Wermter Joachim, Hahn Udo
Jena University Language and Information Engineering (JULIE) Lab. http://www.coling.uni-jena.de
AMIA Annu Symp Proc. 2005;2005:809-13.
The ever-increasing amount of textual information in biomedicine calls for effective procedures for automatic terminology extraction which assist biomedical researchers and professionals in gathering and organizing terminological knowledge encoded in text documents. In this study, we propose a new, linguistically grounded measure for automatically identifying multi-word terms from the biomedical literature.

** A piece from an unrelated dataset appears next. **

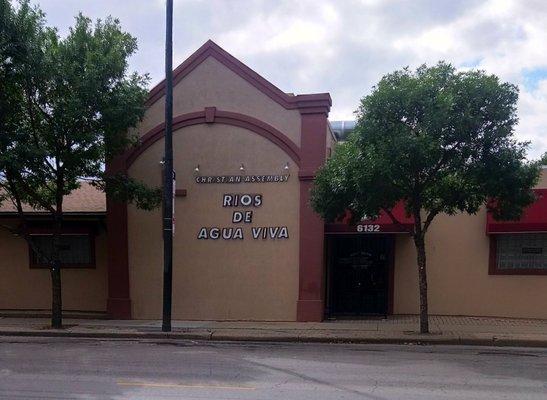 Iglesia Rios de Agua Viva at 6132 S. Kedzie Avenue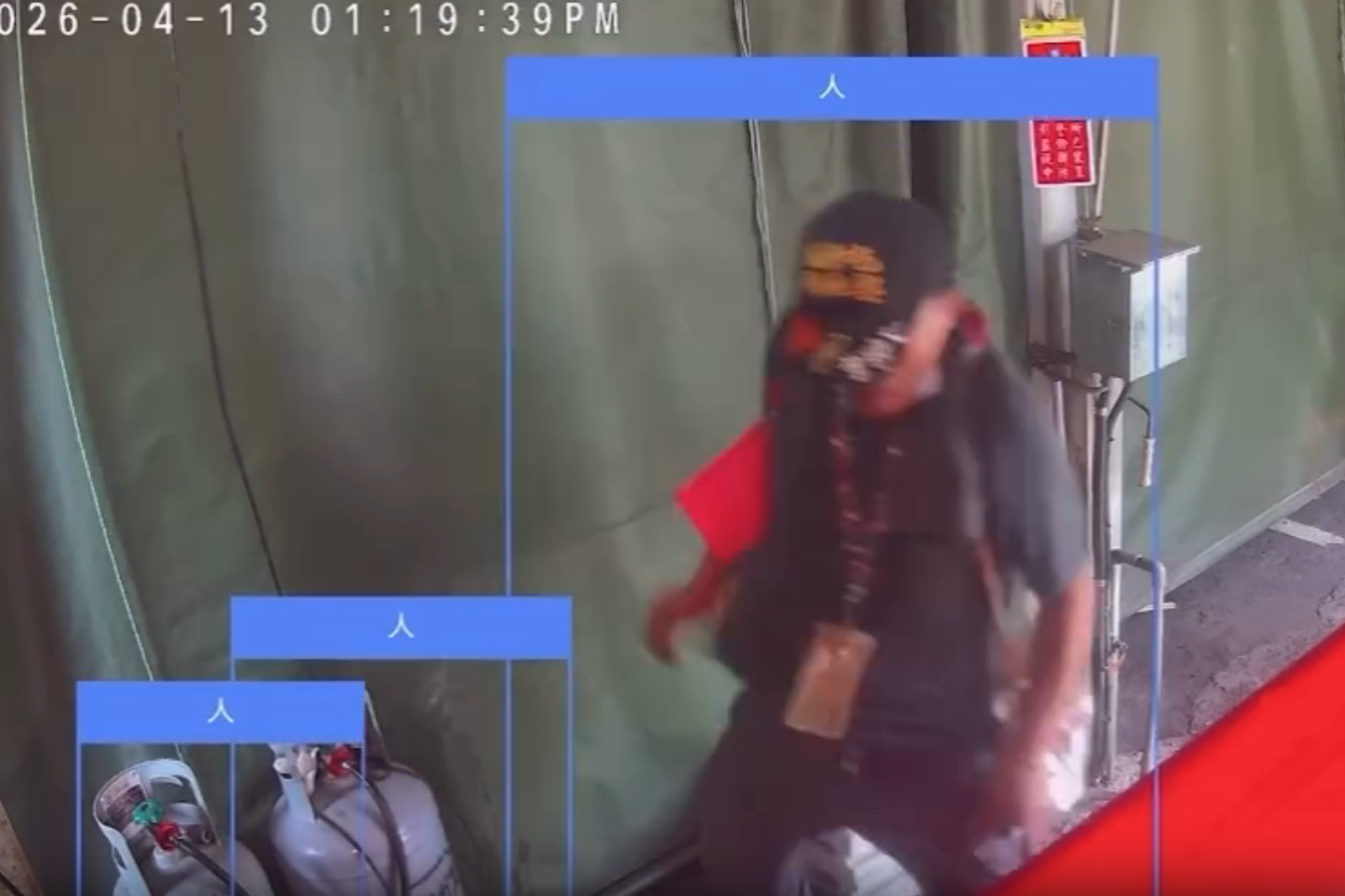 阿伯拿著香菸站在瓦斯桶旁小便,解放後隨即轉頭離去。圖/翻攝自Threads@siao_shanghai_dajia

Our approach is based on the limited paradigmatic modifiability of terms and is tested on bigram, trigram and quadgram noun phrases extracted from a 104-million-word text corpus comprised of Medline abstracts. Using the UMLS Metathesaurus as a gold standard, we show that our algorithm substantially outperforms the standard term identification measures and, therefore, qualifies as a high-performing building block for any biomedical terminology mining system.
生物医学中不断增长的文本信息量需要有效的自动术语提取程序,以帮助生物医学研究人员和专业人员收集和整理编码在文本文献中的术语知识。在本研究中,我们提出了一种基于语言学的新方法,用于从生物医学文献中自动识别多词术语。我们的方法基于术语有限的范式可变性,并在从包含1亿零400万字的Medline摘要文本语料库中提取的双词、三词和四词名词短语上进行了测试。以统一医学语言系统(UMLS)元词表作为金标准,我们表明我们的算法显著优于标准术语识别方法,因此,可作为任何生物医学术语挖掘系统的高性能构建模块。